**Instructions to follow:** Give back, exactly and with nothing else, the lines running from the one that contains "Деревянный коттедж 240" to the end of the entries below; do not include pictures.

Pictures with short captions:
■ ■ ■ ■ ■

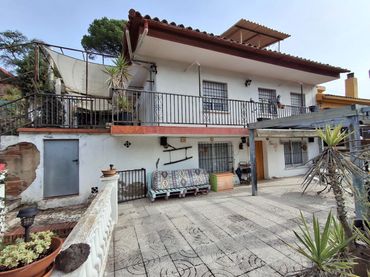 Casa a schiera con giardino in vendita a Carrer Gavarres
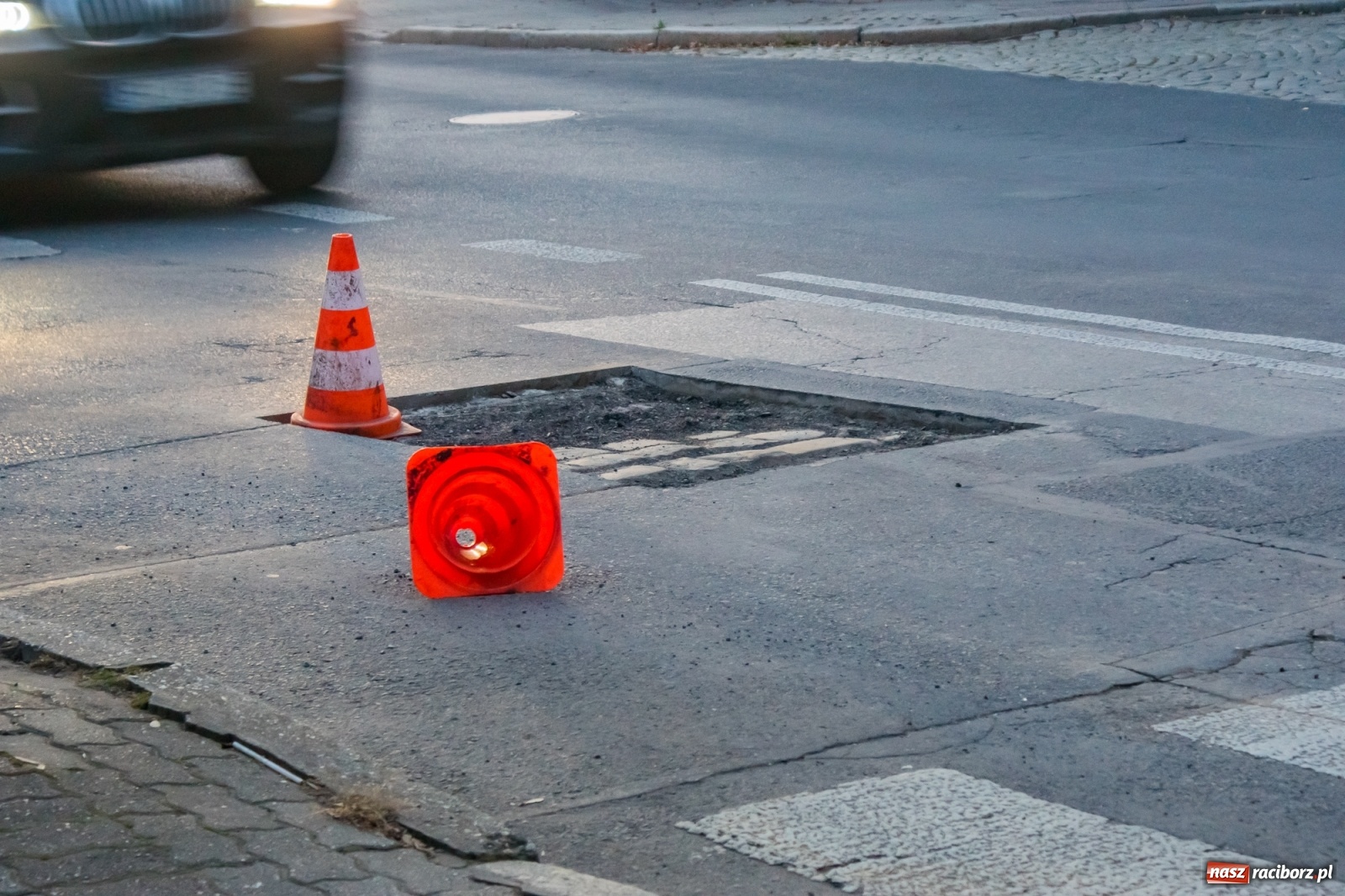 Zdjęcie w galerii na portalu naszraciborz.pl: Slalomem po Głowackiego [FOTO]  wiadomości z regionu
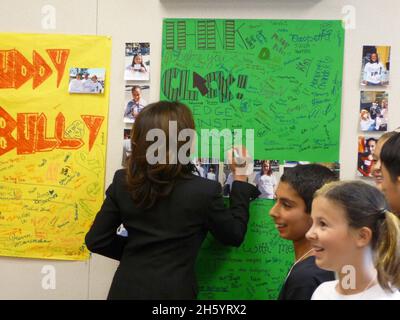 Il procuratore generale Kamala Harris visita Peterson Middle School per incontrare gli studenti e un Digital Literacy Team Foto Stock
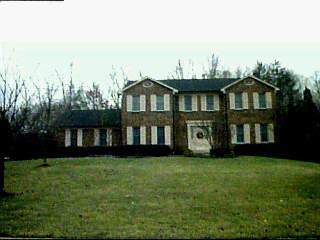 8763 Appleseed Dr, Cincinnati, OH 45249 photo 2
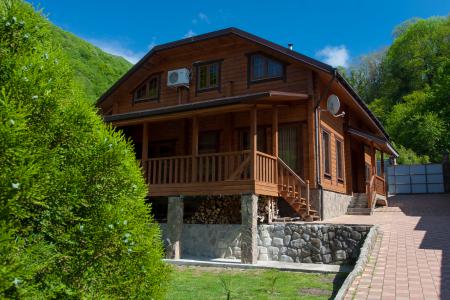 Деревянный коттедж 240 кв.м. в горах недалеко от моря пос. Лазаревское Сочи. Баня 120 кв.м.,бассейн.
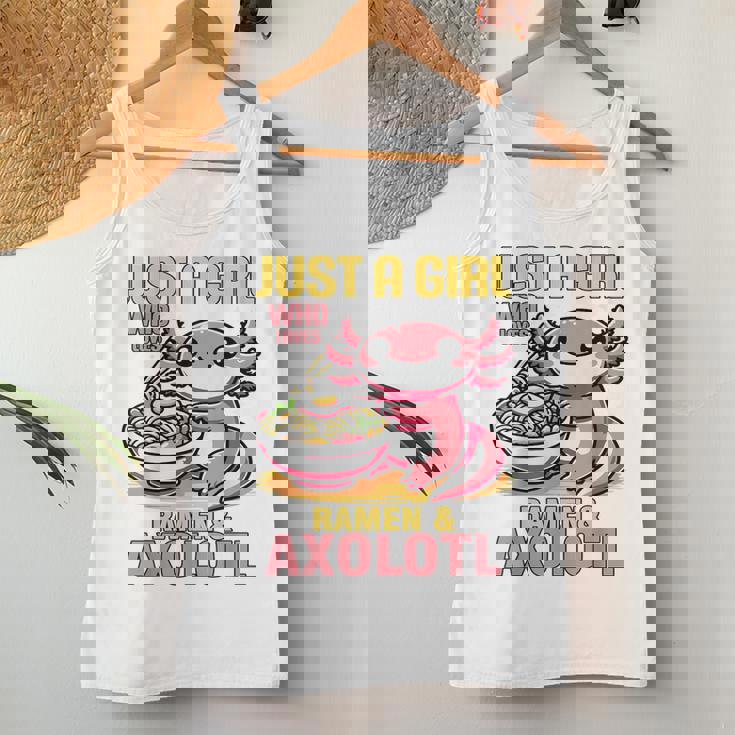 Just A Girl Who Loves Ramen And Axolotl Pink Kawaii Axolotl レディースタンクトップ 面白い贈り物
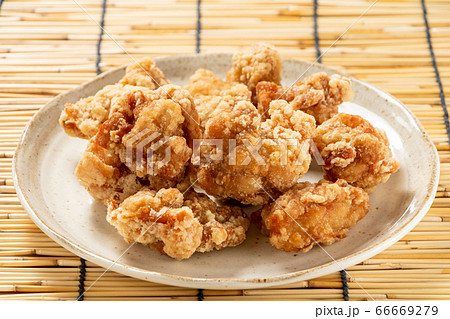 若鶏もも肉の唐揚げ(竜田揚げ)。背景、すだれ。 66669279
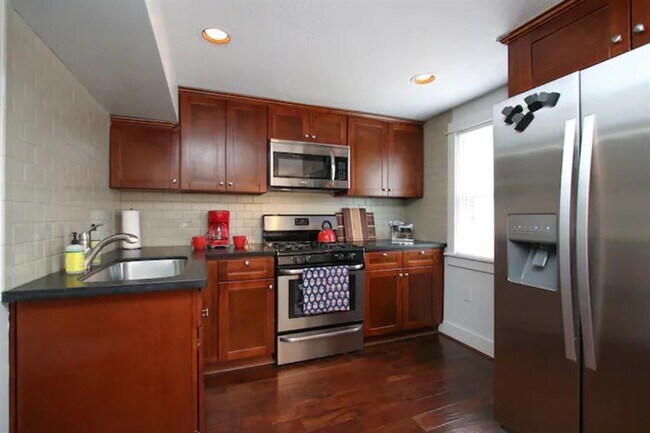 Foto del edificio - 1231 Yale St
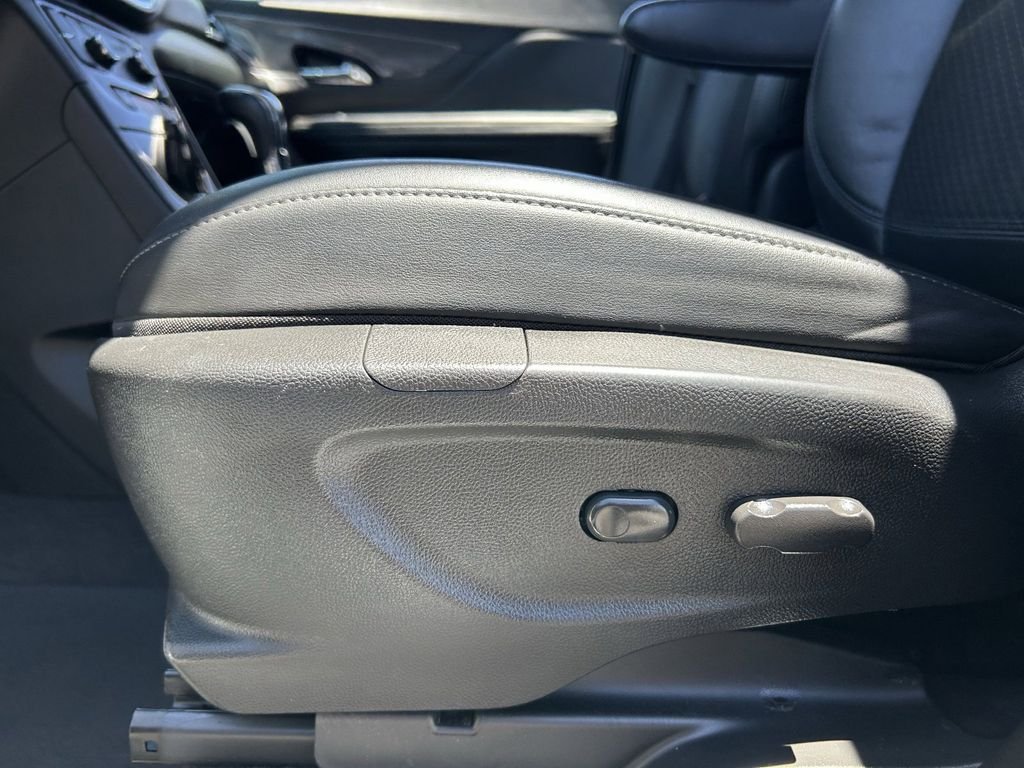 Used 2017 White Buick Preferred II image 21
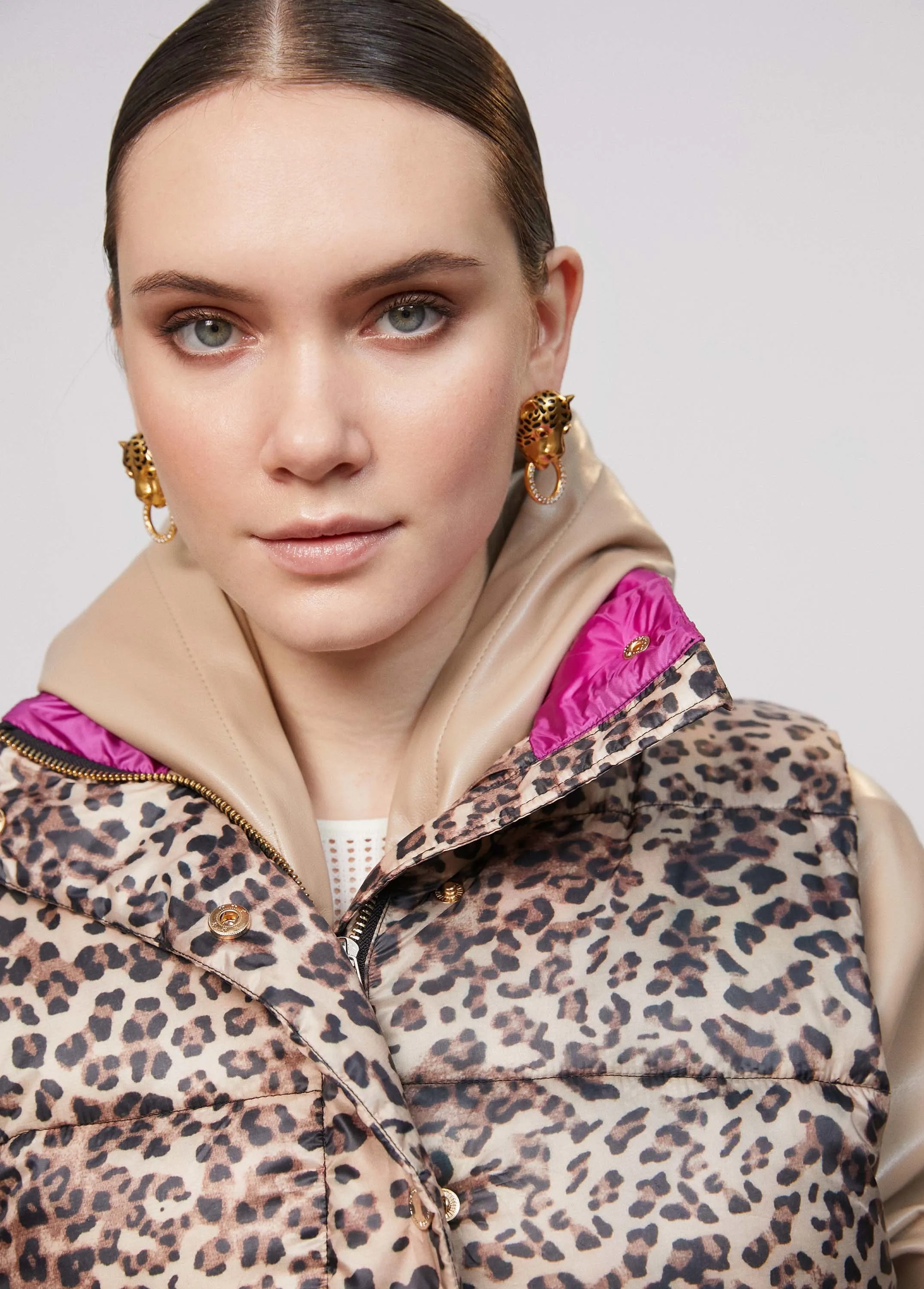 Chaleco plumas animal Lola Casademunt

■ ■ ■ ■ ■

**Written answer:**
 Деревянный коттедж 240 кв.м. в горах недалеко от моря пос. Лазаревское Сочи. Баня 120 кв.м.,бассейн.
 Just A Girl Who Loves Ramen And Axolotl Pink Kawaii Axolotl レディースタンクトップ 面白い贈り物
 若鶏もも肉の唐揚げ(竜田揚げ)。背景、すだれ。 66669279
 Foto del edificio - 1231 Yale St
 Used 2017 White Buick Preferred II image 21
 Chaleco plumas animal Lola Casademunt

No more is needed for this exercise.